== SUPPLIED ENTRIES

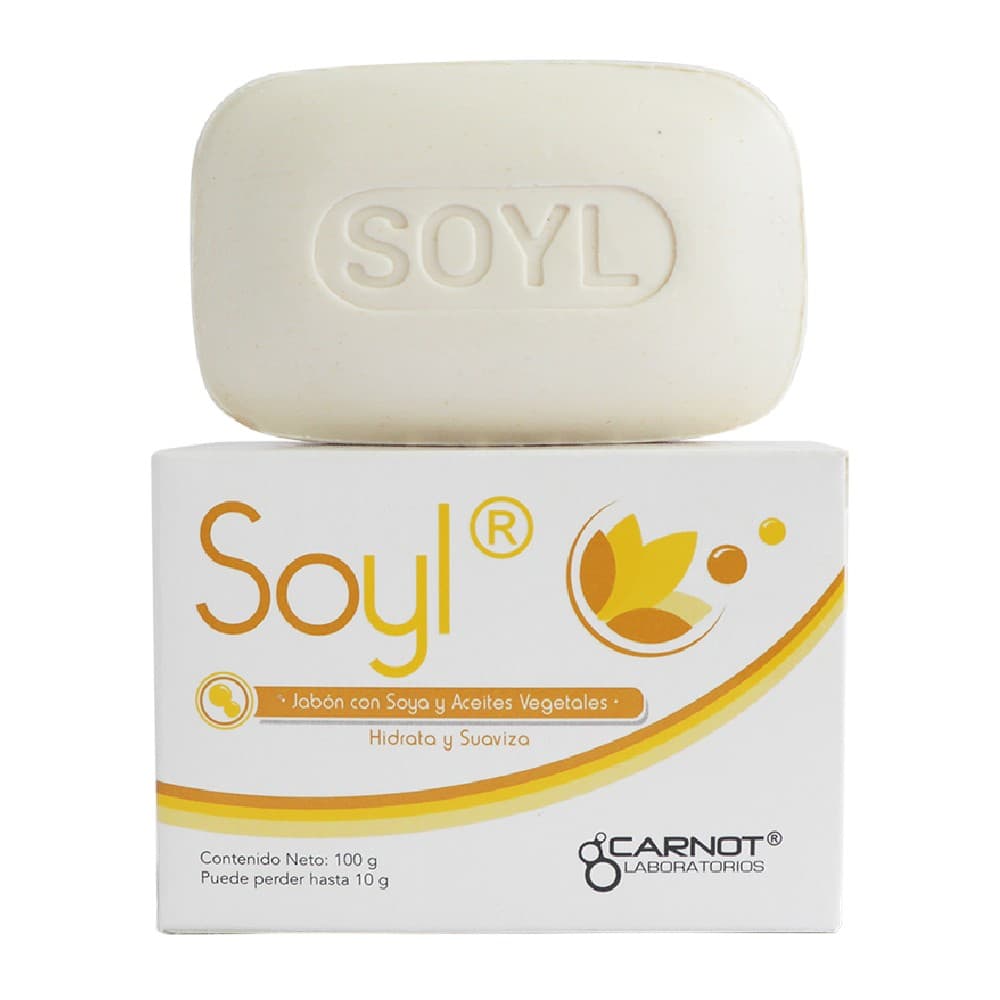 SOYL BARRA LIMPIADOR HIDRATANTE BARRA X 100 GR (JABONES)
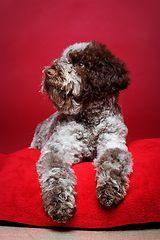 Image showing beautiful brown fluffy puppy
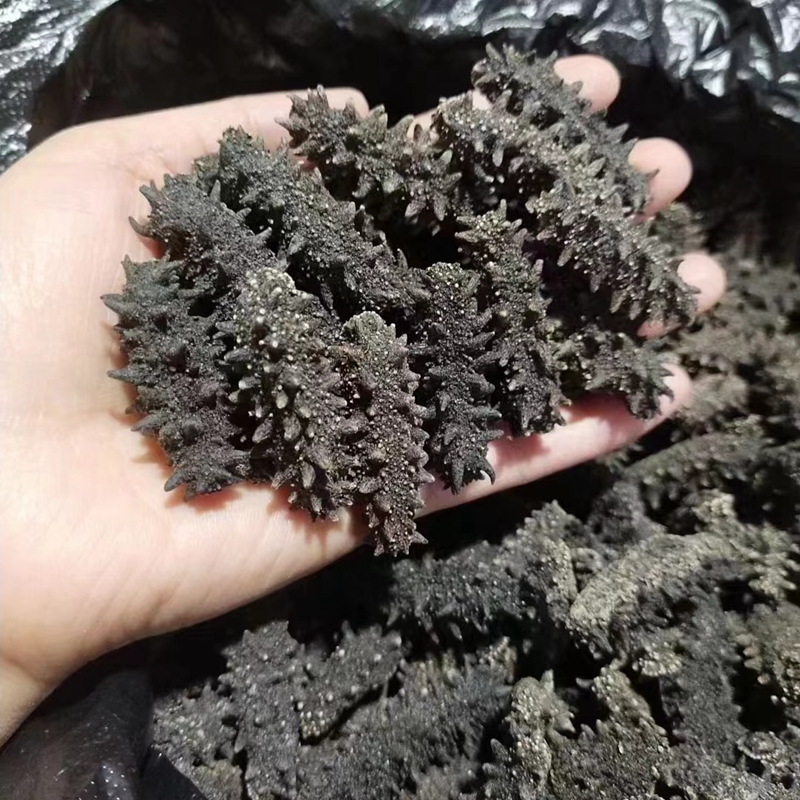 海干类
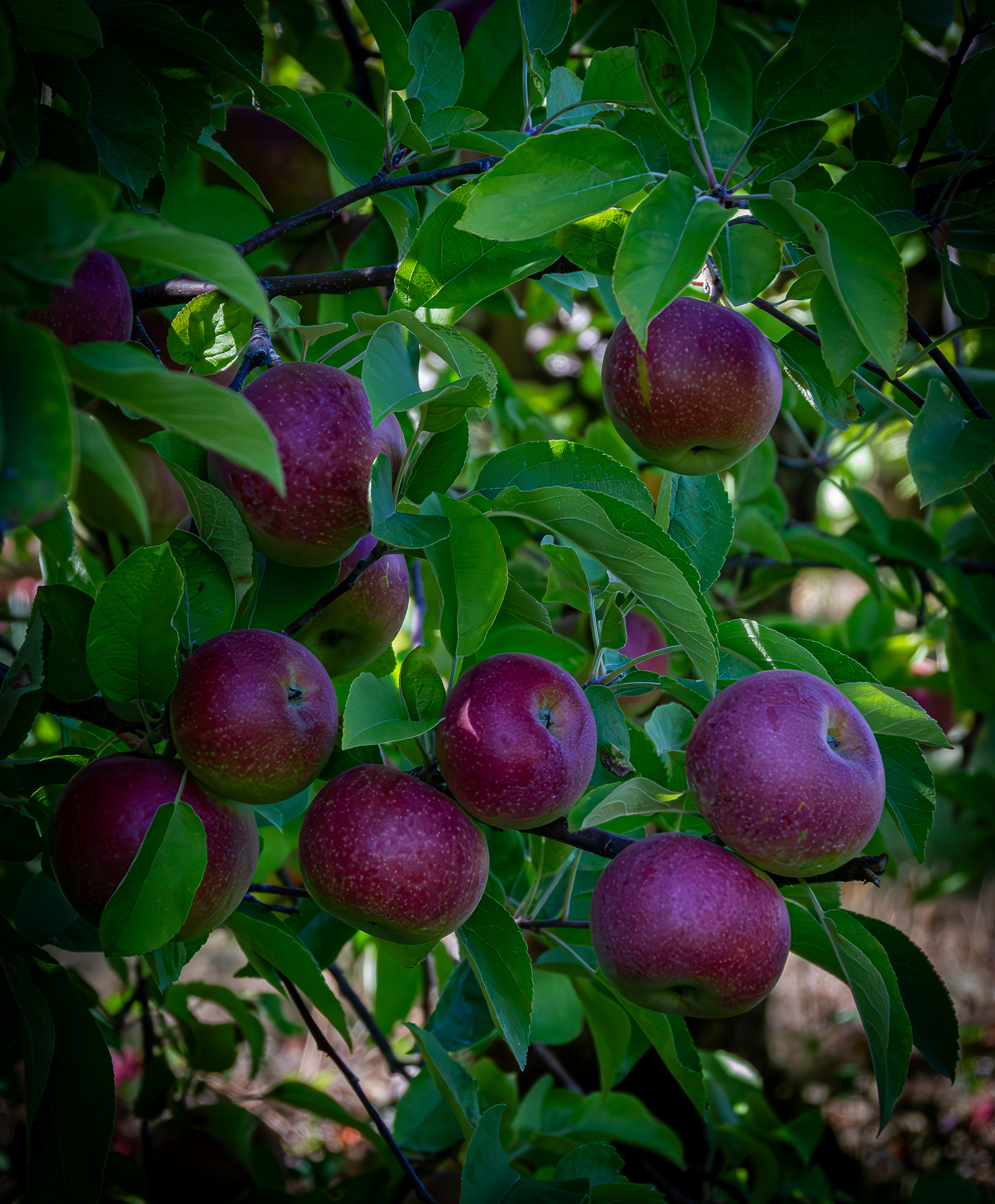 Meadowledge Orchard No1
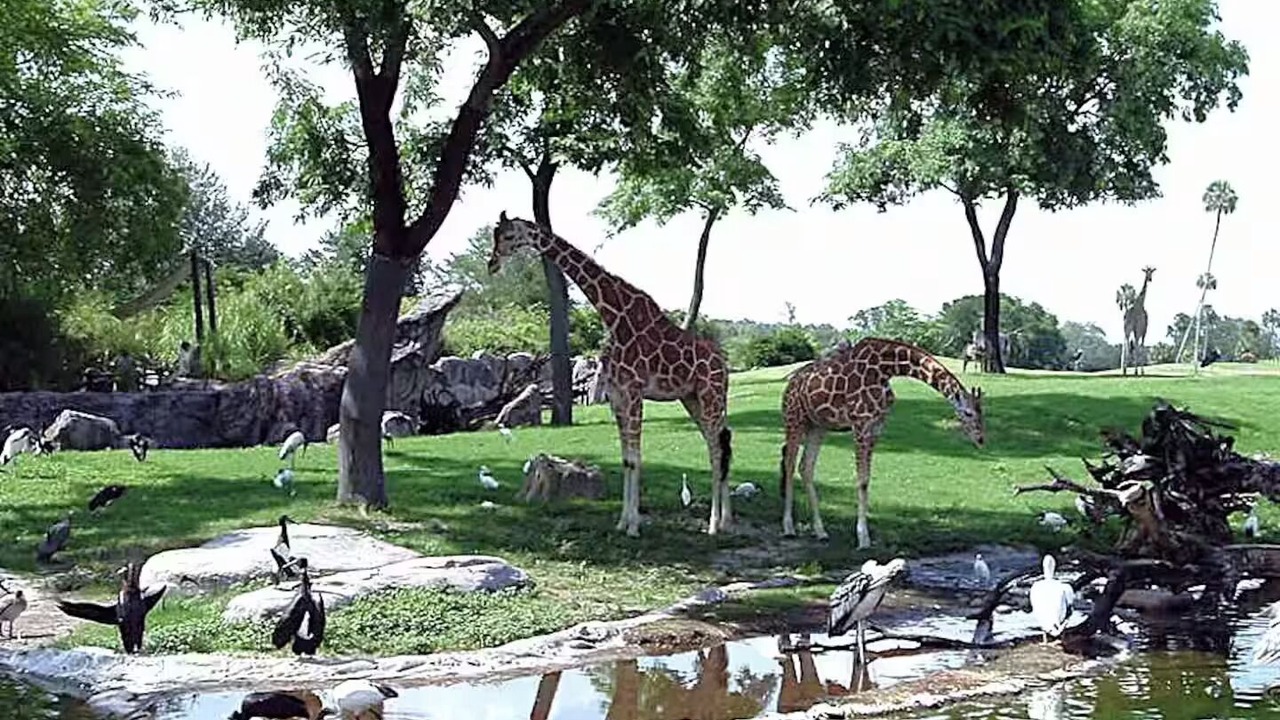 Photo of Others in Ozona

====

» PROBLEM: Would you please output each record exactly, leaving the images out?

» EXERCISE ANSWER:
 SOYL BARRA LIMPIADOR HIDRATANTE BARRA X 100 GR (JABONES)
 Image showing beautiful brown fluffy puppy
 海干类
 Meadowledge Orchard No1
 Photo of Others in Ozona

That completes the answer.